## [What the task asks]
From the line containing "Diamond Heart - Half Tone" down to the last line of the entries, print each line exactly and leave the pictures out.

(Dataset content begins)

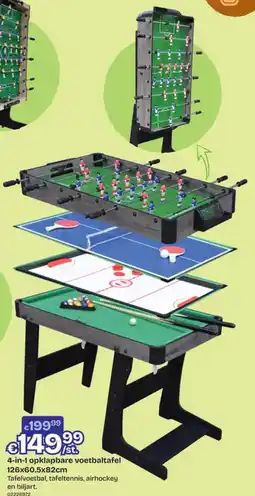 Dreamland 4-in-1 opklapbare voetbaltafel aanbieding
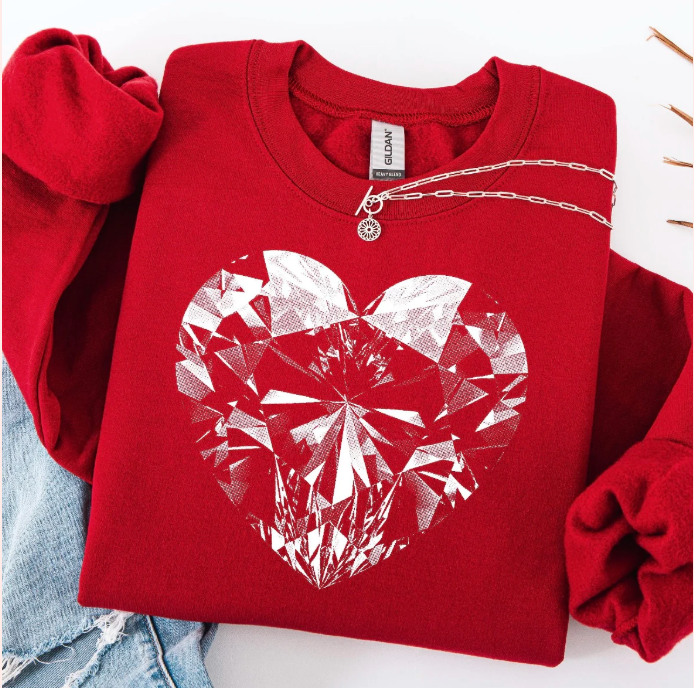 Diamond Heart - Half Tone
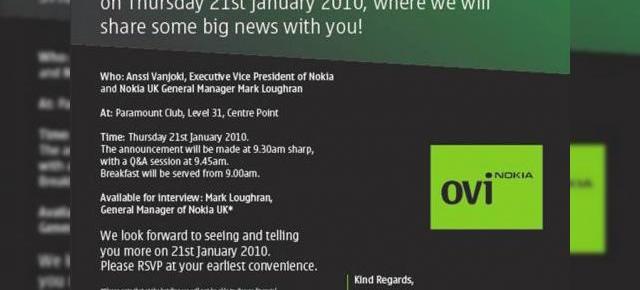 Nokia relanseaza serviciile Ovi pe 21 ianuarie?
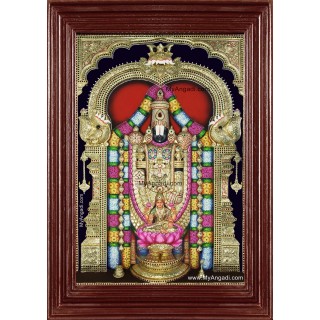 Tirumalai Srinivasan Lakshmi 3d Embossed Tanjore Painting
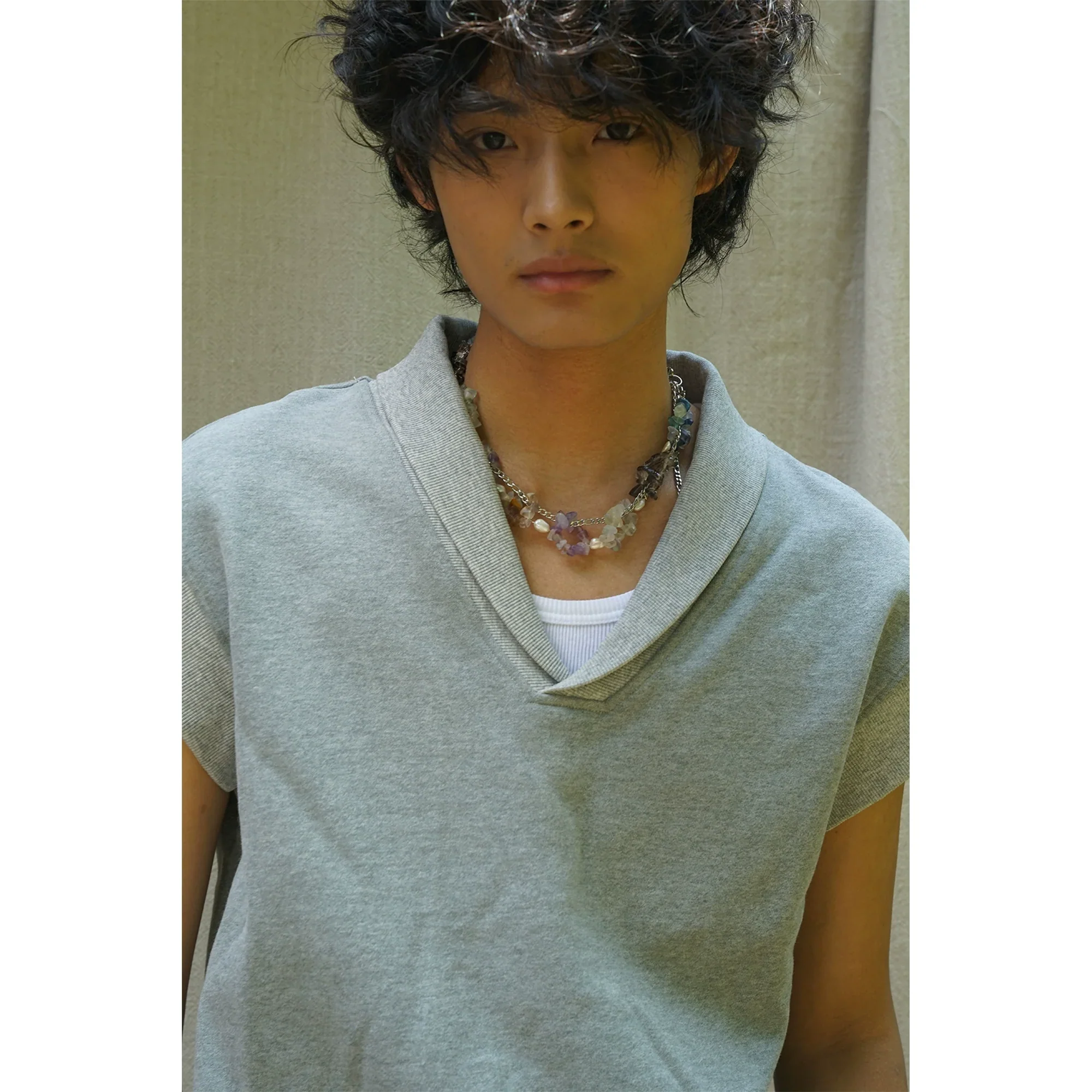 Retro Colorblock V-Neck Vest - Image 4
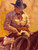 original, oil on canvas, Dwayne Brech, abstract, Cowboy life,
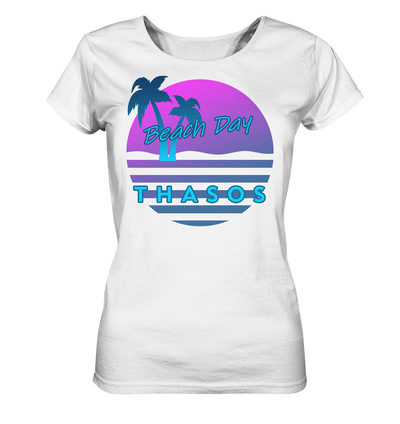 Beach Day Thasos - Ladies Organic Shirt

(Dataset content ends)

## [Result of this exercise]
 Diamond Heart - Half Tone
 Nokia relanseaza serviciile Ovi pe 21 ianuarie?
 Tirumalai Srinivasan Lakshmi 3d Embossed Tanjore Painting
 Retro Colorblock V-Neck Vest - Image 4
 original, oil on canvas, Dwayne Brech, abstract, Cowboy life,
 Beach Day Thasos - Ladies Organic Shirt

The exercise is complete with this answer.